• Crawled caption data:
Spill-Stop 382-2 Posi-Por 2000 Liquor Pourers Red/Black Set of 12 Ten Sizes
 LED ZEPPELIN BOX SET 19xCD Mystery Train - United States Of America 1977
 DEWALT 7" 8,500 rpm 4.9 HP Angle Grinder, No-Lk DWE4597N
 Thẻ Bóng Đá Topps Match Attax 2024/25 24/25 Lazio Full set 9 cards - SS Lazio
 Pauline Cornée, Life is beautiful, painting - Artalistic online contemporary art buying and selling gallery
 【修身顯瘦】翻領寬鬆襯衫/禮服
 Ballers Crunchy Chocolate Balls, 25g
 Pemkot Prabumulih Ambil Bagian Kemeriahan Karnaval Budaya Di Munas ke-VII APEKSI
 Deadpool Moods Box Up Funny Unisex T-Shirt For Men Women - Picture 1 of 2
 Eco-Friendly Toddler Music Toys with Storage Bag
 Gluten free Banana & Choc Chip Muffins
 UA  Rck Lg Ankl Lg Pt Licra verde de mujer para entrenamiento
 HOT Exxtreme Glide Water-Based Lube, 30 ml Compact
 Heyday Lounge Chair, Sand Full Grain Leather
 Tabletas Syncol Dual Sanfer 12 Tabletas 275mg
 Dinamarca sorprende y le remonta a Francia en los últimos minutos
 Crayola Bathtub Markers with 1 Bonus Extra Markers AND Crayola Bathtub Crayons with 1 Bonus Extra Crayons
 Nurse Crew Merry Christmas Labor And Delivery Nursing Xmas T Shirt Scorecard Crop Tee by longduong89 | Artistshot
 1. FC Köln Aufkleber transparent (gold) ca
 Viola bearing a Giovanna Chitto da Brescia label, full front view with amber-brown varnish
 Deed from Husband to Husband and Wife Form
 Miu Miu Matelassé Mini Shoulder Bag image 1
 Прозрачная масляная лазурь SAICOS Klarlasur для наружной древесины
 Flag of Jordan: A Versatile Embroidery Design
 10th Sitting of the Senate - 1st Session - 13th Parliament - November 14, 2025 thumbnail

• Task statement:
There is a line with "Heyday Lounge Chair, Sand Full Grain Leather" and a line with "1. FC Köln Aufkleber transparent (gold) ca" above. Copy exactly those two lines and all lines between them, with nothing else.

• Answer for the task:
 Heyday Lounge Chair, Sand Full Grain Leather
 Tabletas Syncol Dual Sanfer 12 Tabletas 275mg
 Dinamarca sorprende y le remonta a Francia en los últimos minutos
 Crayola Bathtub Markers with 1 Bonus Extra Markers AND Crayola Bathtub Crayons with 1 Bonus Extra Crayons
 Nurse Crew Merry Christmas Labor And Delivery Nursing Xmas T Shirt Scorecard Crop Tee by longduong89 | Artistshot
 1. FC Köln Aufkleber transparent (gold) ca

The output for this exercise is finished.